12. A camera module, comprising:

a lens barrel comprising a cylinder and a flange extending radially inward from one end of the cylinder, the flange defining an aperture at a central portion thereof; and

a lens received in the lens barrel and comprising an optical portion located at a center thereof and a fixing portion around the optical portion, an outside peripheral surface of the fixing portion of the lens shaped with a plurality of protrusions, surfaces of the protrusions being slanted relative to an optical axis of the lens barrel; and

wherein when light from an outside of the lens barrel enters the aperture and the optical portion of the lens, a portion of the light in the optical portion is reflected by the lens to the outside peripheral surface of the fixing portion, and the protrusions are shaped to reduce incident angles of the reflected light reaching the outside peripheral surface to facilitate at least some of the reflected light reaching the outside peripheral surface to pass through the protrusions to an outside of the lens.

13. The camera module of claim 12, wherein each of the protrusions comprises a first angled surface oriented at an oblique angle with respect to the optical axis and a second angled surface oriented at an oblique angle with respect to the optical axis and intersecting the first angled surface, with an angle formed between the first angled surface and the second angled surface in the range from 1° to 179°.

14. The camera module of claim 13, wherein the cylinder comprises a black inner surface around and facing the lens, the angles of the protrusions abutting the inner surface of the cylinder.

15. The camera module of claim 12, wherein the optical portion of the lens comprises a light incident surface and a light emitting surface at two opposite sides thereof, the outside peripheral surface of the fixing portion comprising an object-side surface extending outwardly from the light incident surface, an image-side surface extending outwardly from the light emitting surface and a periphery side surface between the object-side surface and the image-side surface, the protrusions formed at the side surface.

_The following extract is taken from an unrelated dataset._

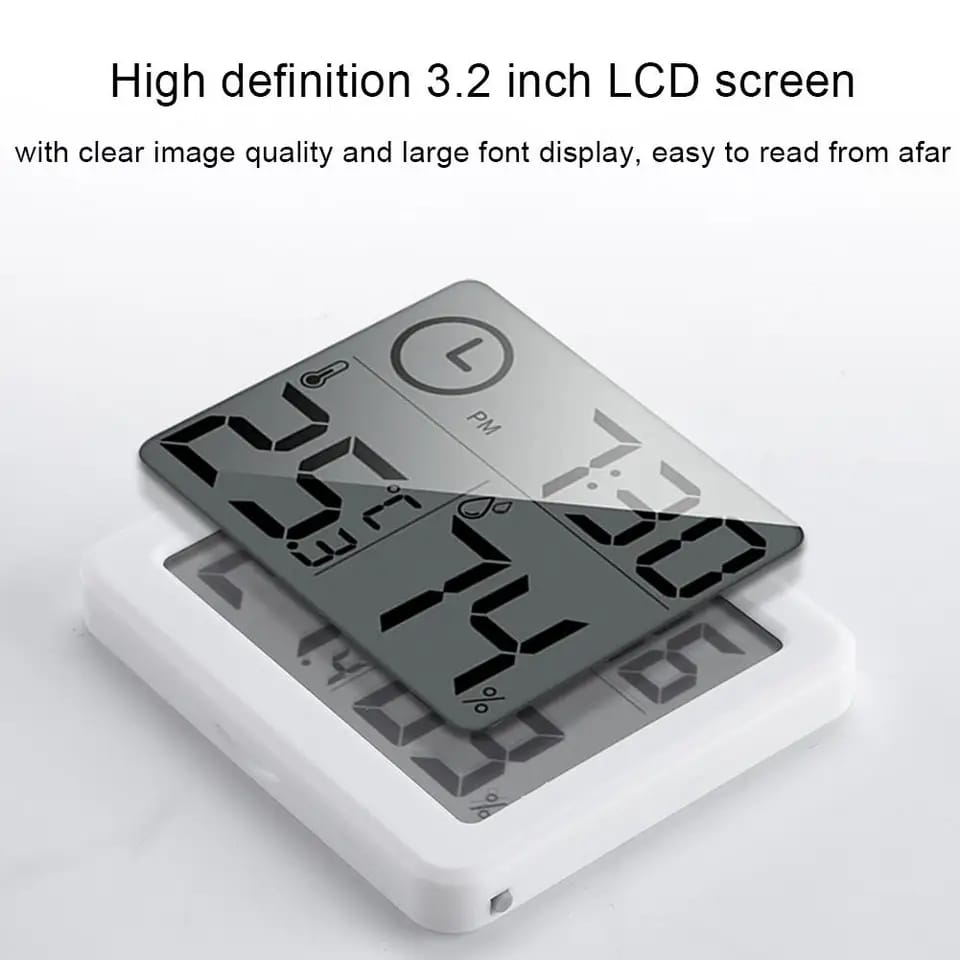Picture of Digital Wall Clock With 3.2inch LCD Display Temperature Time Humidity Meter For Indoor Bedroom Baby Room5 Multicolor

16. The camera module of claim 15, wherein a plurality of protrusions is formed at the object-side surface, a plurality of protrusions is formed at the image-side surface, surfaces of the protrusions at the object-side surface are slanted relative to the optical axis, and surfaces of the protrusions at the image-side surface are slanted relative to the optical axis.

17. The camera module of claim 12, further comprising two other lenses received in the lens barrel and sandwiching the lens therebetween, with all the lenses aligned with an optical axis of the camera module.

18. The camera module of claim 12, further comprising two other lenses received in the lens barrel and sandwiching the lens therebetween, each of the other lenses comprising an optical portion located at a center thereof and a fixing portion around the optical portion, an outside peripheral surface of the fixing portion of one of the other lenses having a plurality of protrusions formed thereat, and surfaces of the protrusions of said one of the other lenses being slanted relative to the optical axis.